Image-text web data:
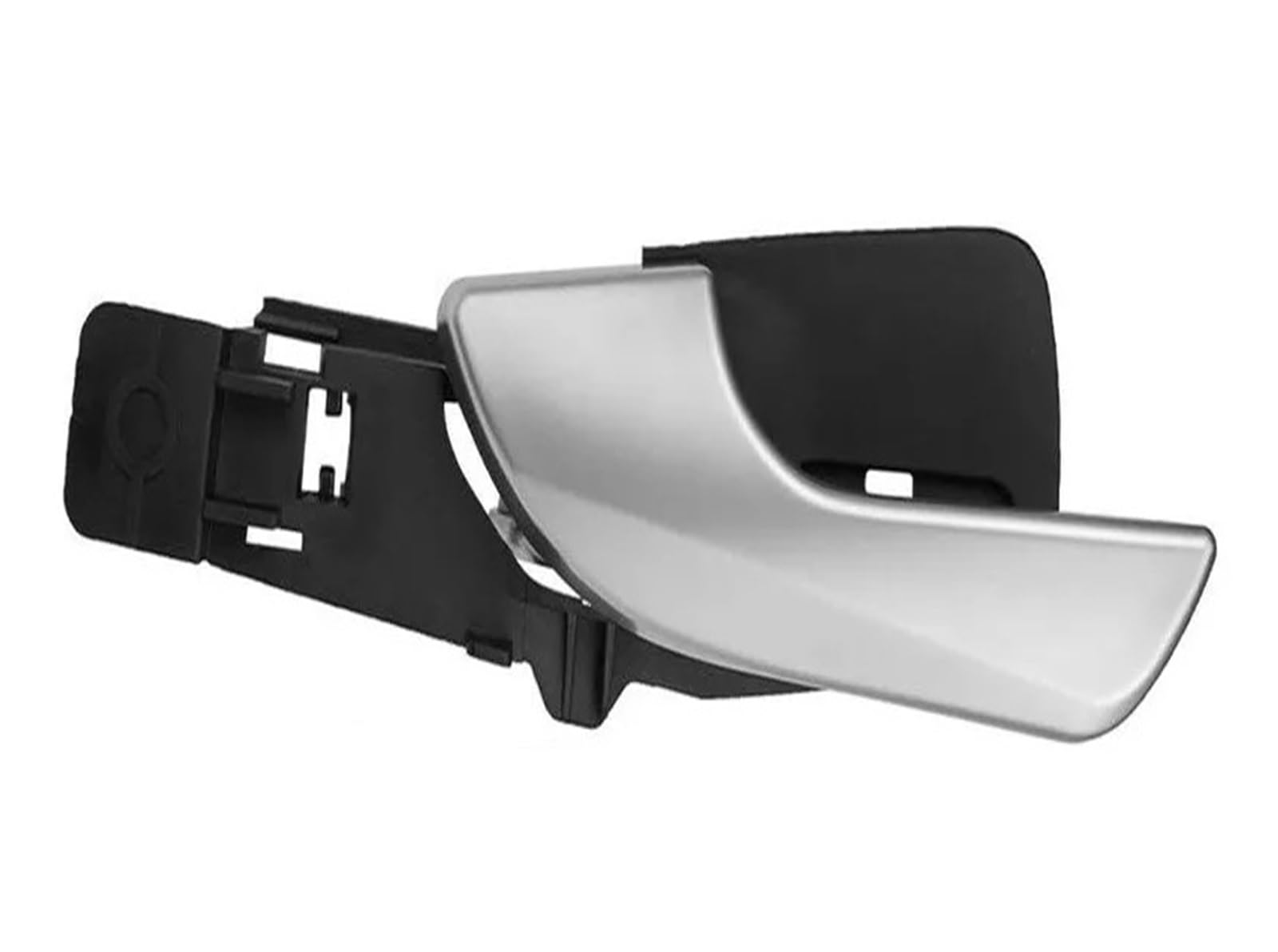 Faczpjcx Front Left Car Interior Inner Door Handle For Alfa For Romeo For Giulietta Right Side Car Interior Door Handle 156092167 156092165(Front Left)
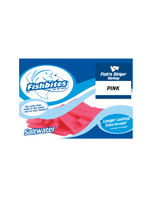 Fish Bites Fish'n Strips Shrimp- Pink 15ct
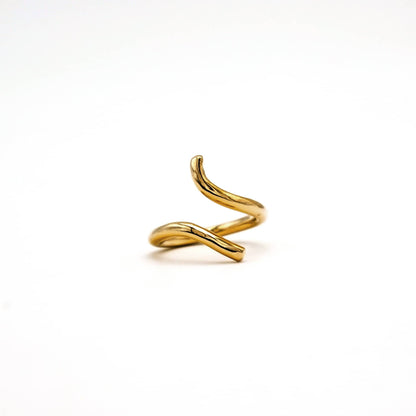 Pera Adjustable Wrap Ring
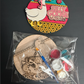 8” 3D Porch Goose DIY Paint Kit | Wooden Paint Kit for Kids & Adults | Summer Craft Kit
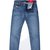 Sleenker Skinny Fit Light Wash Stretch Denim Jeans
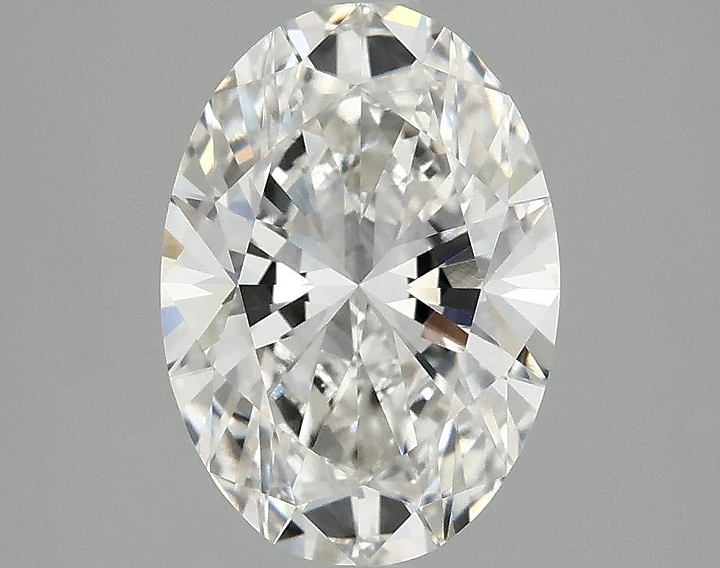 2.51 Carat Oval Shaped Ideal Cut VS1 IGI Certified Lab Grown Diamond
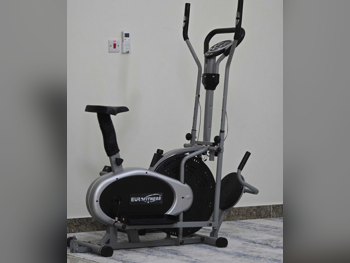 Fitness Machines - Exercise Bikes  - Euro Fitness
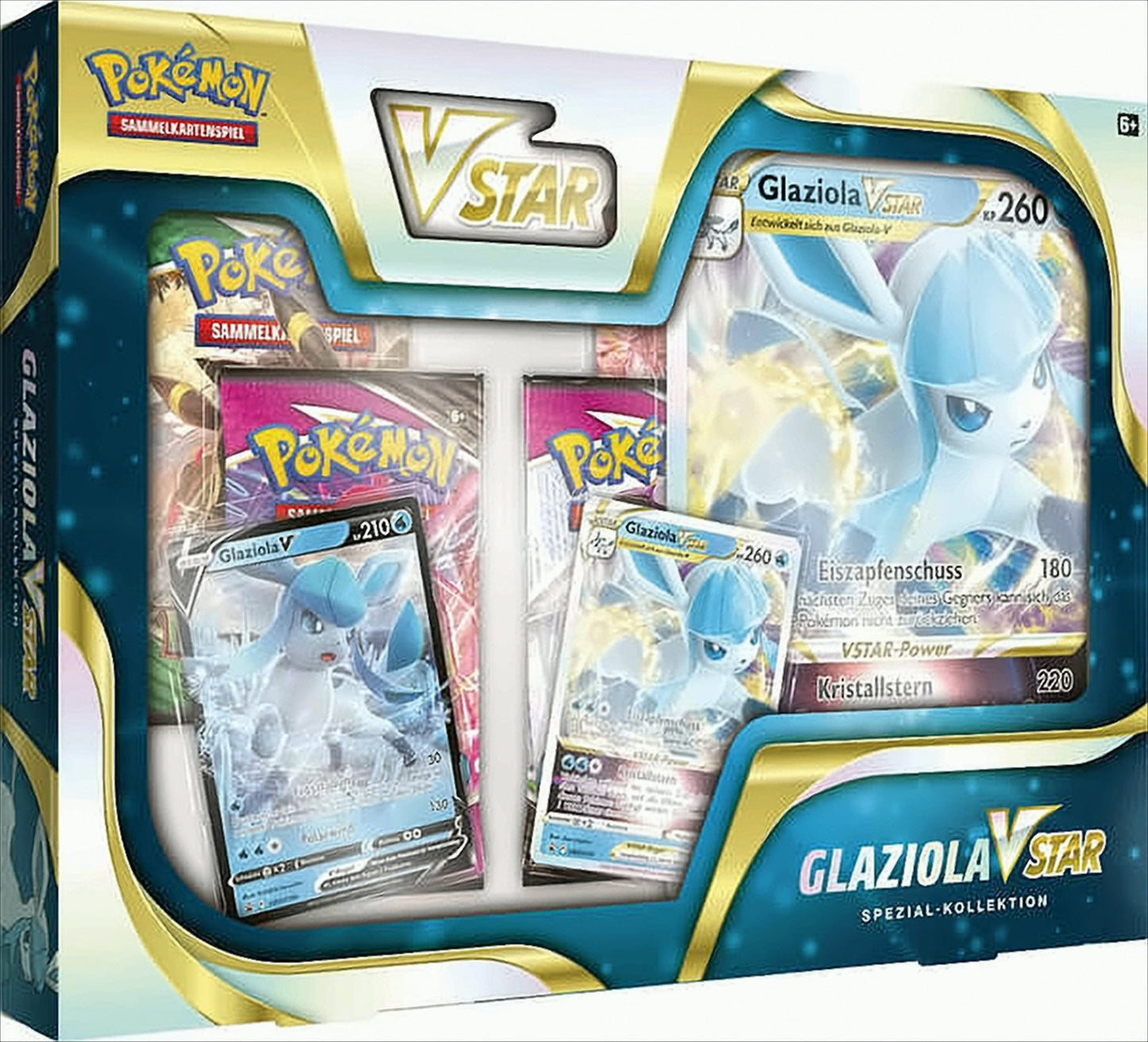 Glaziola VSTAR Spezial Kollektion (EN)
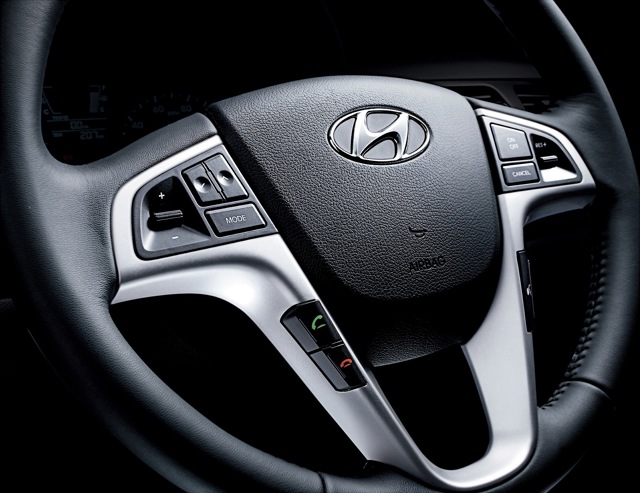 Hyundai Accent 5 Doors photo 55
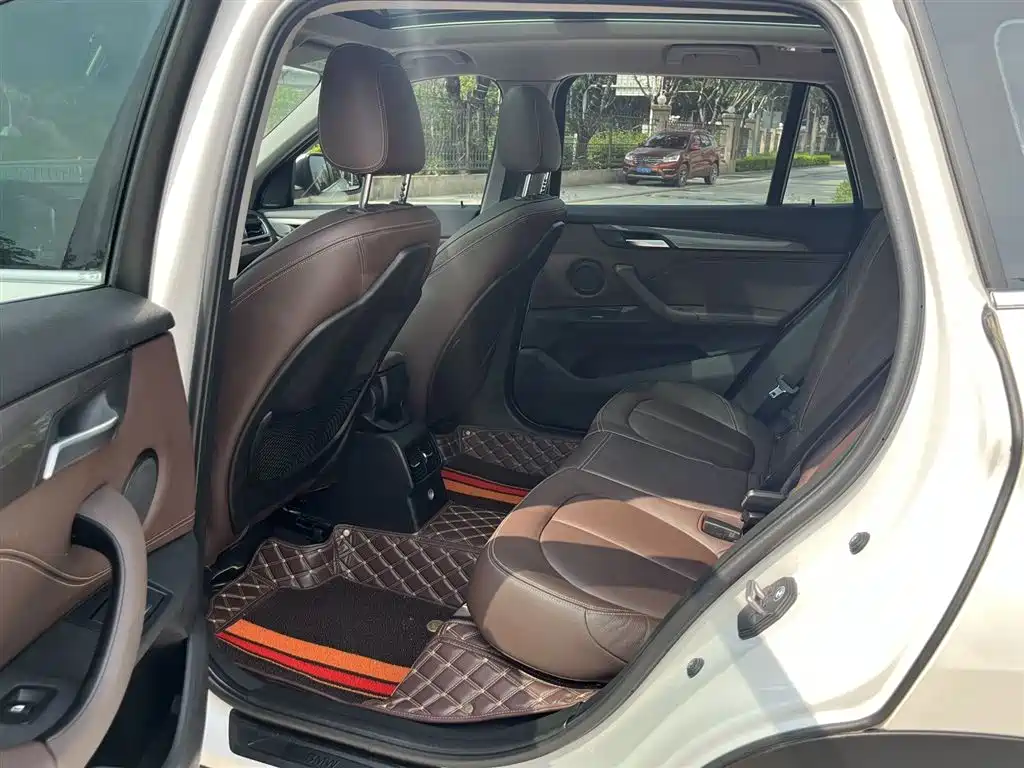 BMW X1 2018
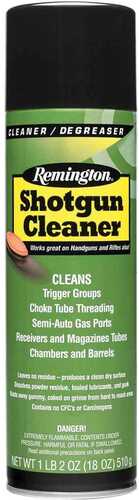 Remington Shotgun Cleaner - 18 Oz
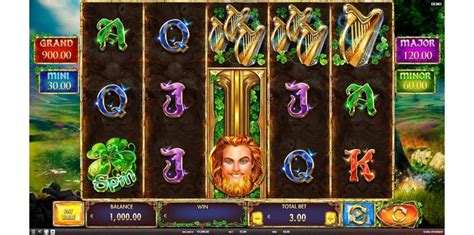 Play Gods Of Ireland Slot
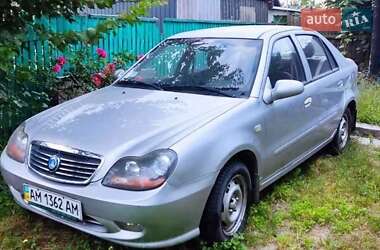 Седан Geely CK 2007 в Коростишеві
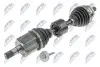 Полуось NTY (NPW-VV-043) изображение 1
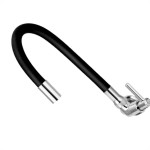 Bognar Torneira Pia Flex Par.Bog/Gourmet Preta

__TASK STATEMENT__.
In the records above, find the line containing "Play Gods Of Ireland Slot". Reproduce it and every line after it through the last line, omitting pictures.

__EXERCISE SOLUTION__.
 Play Gods Of Ireland Slot
 Седан Geely CK 2007 в Коростишеві
 Полуось NTY (NPW-VV-043) изображение 1
 Bognar Torneira Pia Flex Par.Bog/Gourmet Preta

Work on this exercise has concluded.